- **Prompt**
Exactly the lines from the one with "This Pay in" through the final line of the entries, and nothing else, should appear in the answer; no pictures go in it.

- **Exercise material**
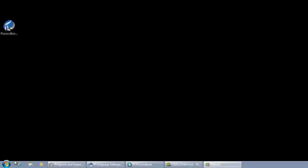In our last video, we installed PyProcessBook multiple user interface. Along with that installation, we installed the PyLanguageSetting tool, the AFClient MUI, and PyProcessBook MUI.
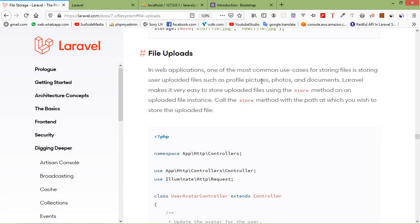Hi everyone, welcome back to the Laravel 7 tutorial. In this video we are going to learn about file upload. Uploading files in Laravel is very easy — all we need to do is create a view file where the user can select a file to be uploaded, and a controller where uploaded files will be processed. Let's start.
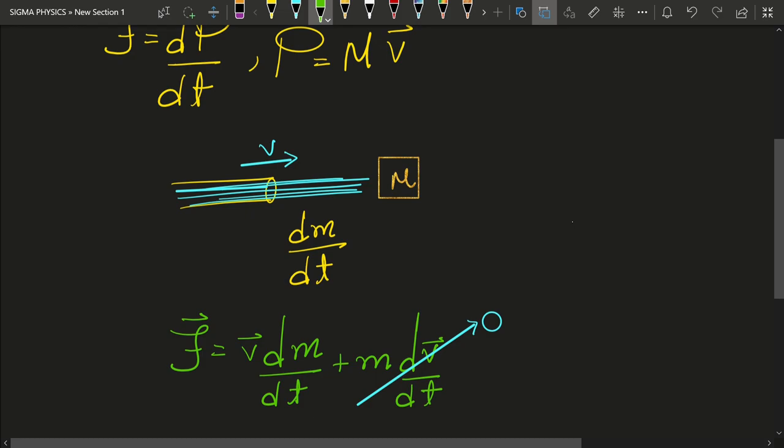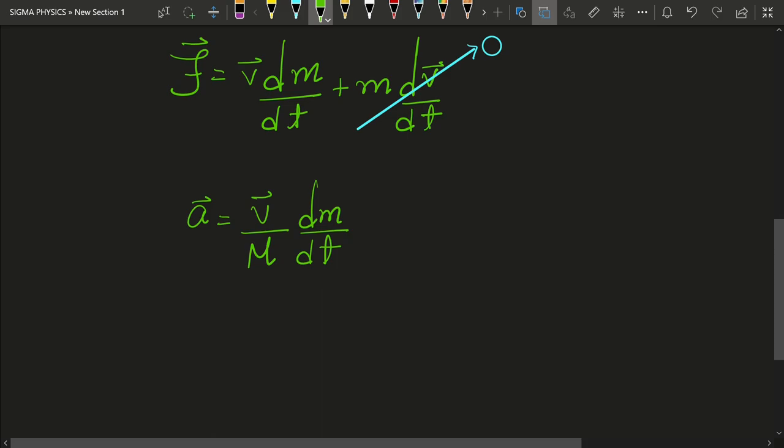And hence the acceleration of the block m would be given by this expression. And hence we can see a very important concept that a non-accelerating body can cause acceleration in another body.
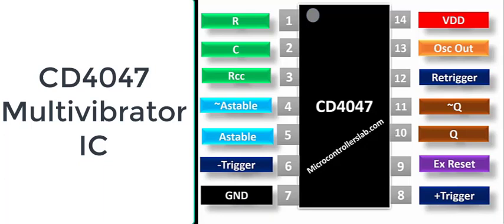In this video, you will learn how to use CD4047 multivibrator IC. The CD4047 IC is a low-power CMOS-logic-based multivibrator circuit IC.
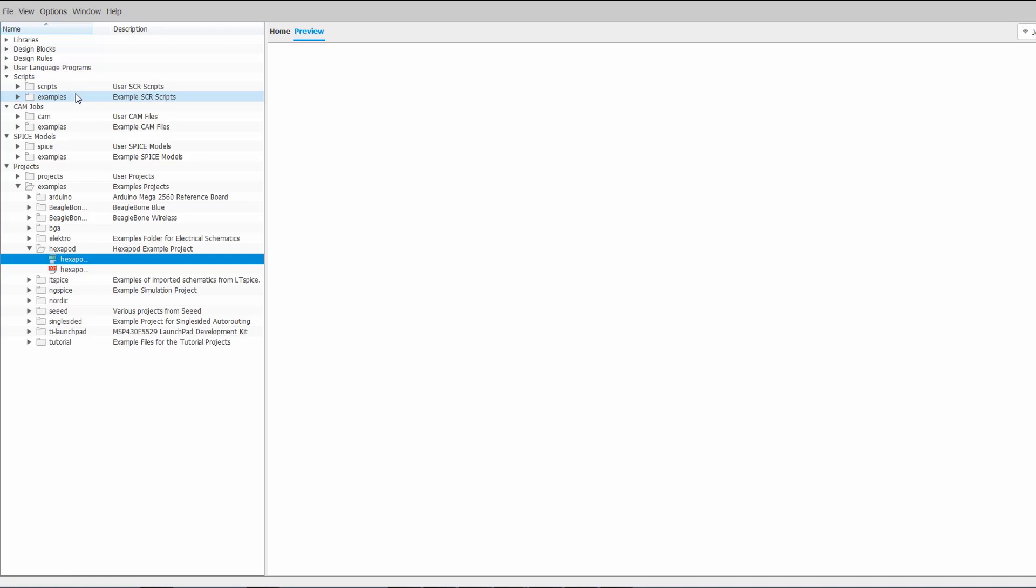If you're coming from previous versions of Eagle, those folders will be created in that pre-existing Eagle folder. So you won't have to move anything around.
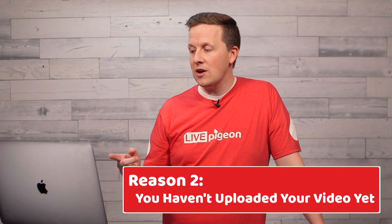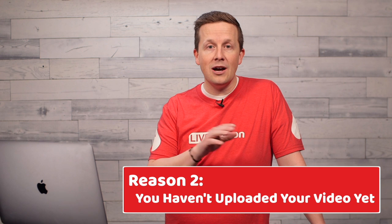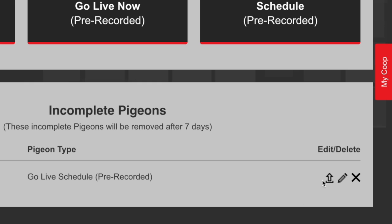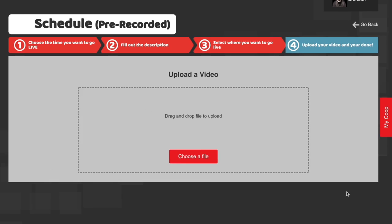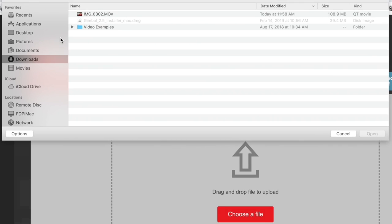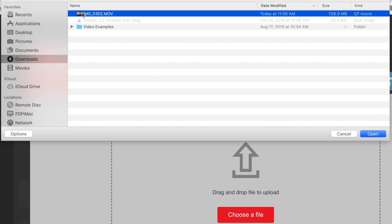The second reason is if you haven't uploaded your video yet. So let's say you click the box to upload a video later — it'll show up here. What's nice about it is all you have to do is click this upload arrow, choose the file, select it, and just like that the video will upload and go live based on the scheduled time you have selected.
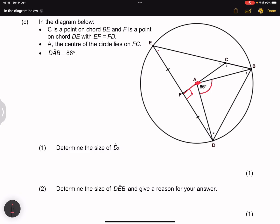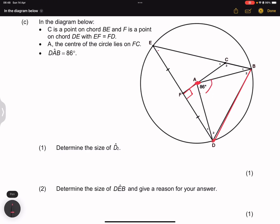I also see angle at center equals twice angle at circumference. CAB and DEB are both subtended by arc DB. DAB is the angle at center, which is 86 degrees, so the angle at circumference DEB would be half of that — 43 degrees.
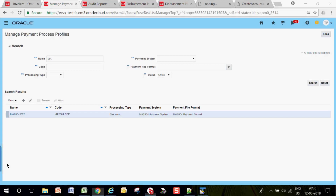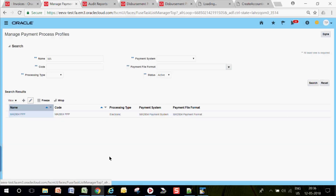This Pay in Full functionality will override the payment term and payment method. It will override the payment term — you are paying immediately.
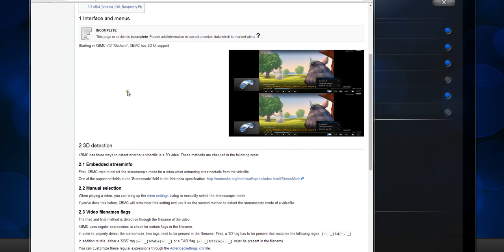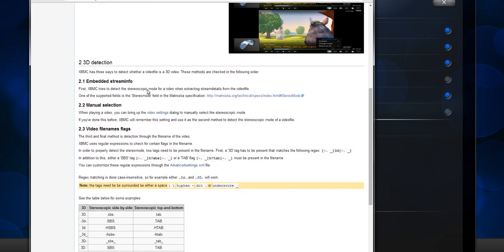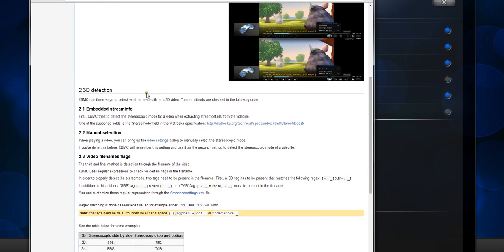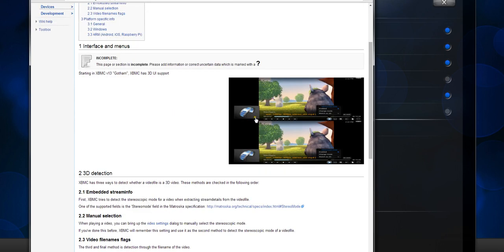One of the new features of Gotham is better 3D playback. You've got an option here for XBMC 3D UI support. It's got 2D and 3D detection, and here's a little bit of information from their wiki about what's available if you want to know more details about the different options for 3D playback.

- **Response area**
This Pay in Full functionality will override the payment term and payment method. It will override the payment term — you are paying immediately.
One of the new features of Gotham is better 3D playback. You've got an option here for XBMC 3D UI support. It's got 2D and 3D detection, and here's a little bit of information from their wiki about what's available if you want to know more details about the different options for 3D playback.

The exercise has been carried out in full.